> [MATERIAL SHOWN]
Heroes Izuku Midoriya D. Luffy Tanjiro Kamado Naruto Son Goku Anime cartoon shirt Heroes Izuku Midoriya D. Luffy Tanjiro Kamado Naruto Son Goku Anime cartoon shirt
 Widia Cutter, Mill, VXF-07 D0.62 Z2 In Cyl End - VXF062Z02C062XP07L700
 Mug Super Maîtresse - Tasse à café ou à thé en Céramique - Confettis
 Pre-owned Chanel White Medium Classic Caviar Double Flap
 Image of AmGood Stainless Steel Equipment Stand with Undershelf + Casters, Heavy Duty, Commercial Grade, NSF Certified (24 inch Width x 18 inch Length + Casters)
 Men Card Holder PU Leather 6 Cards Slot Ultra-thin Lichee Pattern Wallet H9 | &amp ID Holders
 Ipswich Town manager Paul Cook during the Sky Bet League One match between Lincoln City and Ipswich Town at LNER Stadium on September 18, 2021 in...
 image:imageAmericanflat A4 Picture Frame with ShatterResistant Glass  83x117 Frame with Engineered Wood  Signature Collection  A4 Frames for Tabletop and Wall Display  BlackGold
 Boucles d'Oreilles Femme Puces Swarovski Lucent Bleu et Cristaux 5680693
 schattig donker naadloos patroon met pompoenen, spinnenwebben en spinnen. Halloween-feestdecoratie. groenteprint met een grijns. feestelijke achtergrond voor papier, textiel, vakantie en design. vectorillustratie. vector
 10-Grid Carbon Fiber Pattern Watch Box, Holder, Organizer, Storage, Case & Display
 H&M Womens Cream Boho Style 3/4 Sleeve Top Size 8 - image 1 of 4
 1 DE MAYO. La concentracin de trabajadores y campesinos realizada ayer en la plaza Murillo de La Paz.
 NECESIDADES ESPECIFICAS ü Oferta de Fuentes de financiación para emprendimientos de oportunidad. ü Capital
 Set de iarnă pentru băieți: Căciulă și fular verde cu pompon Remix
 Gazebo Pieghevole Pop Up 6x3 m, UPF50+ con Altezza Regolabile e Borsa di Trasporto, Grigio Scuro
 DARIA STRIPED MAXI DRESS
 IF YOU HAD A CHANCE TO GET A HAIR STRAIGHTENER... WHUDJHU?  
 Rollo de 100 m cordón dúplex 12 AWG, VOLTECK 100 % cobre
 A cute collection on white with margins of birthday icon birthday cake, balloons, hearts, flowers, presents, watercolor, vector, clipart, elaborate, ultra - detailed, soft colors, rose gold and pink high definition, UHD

> [WHAT THE TASK REQUIRES]
Where in the entries does the word "Display" occur? Copy out each line that has it.

> [ANSWER SECTION]
 image:imageAmericanflat A4 Picture Frame with ShatterResistant Glass  83x117 Frame with Engineered Wood  Signature Collection  A4 Frames for Tabletop and Wall Display  BlackGold
 10-Grid Carbon Fiber Pattern Watch Box, Holder, Organizer, Storage, Case & Display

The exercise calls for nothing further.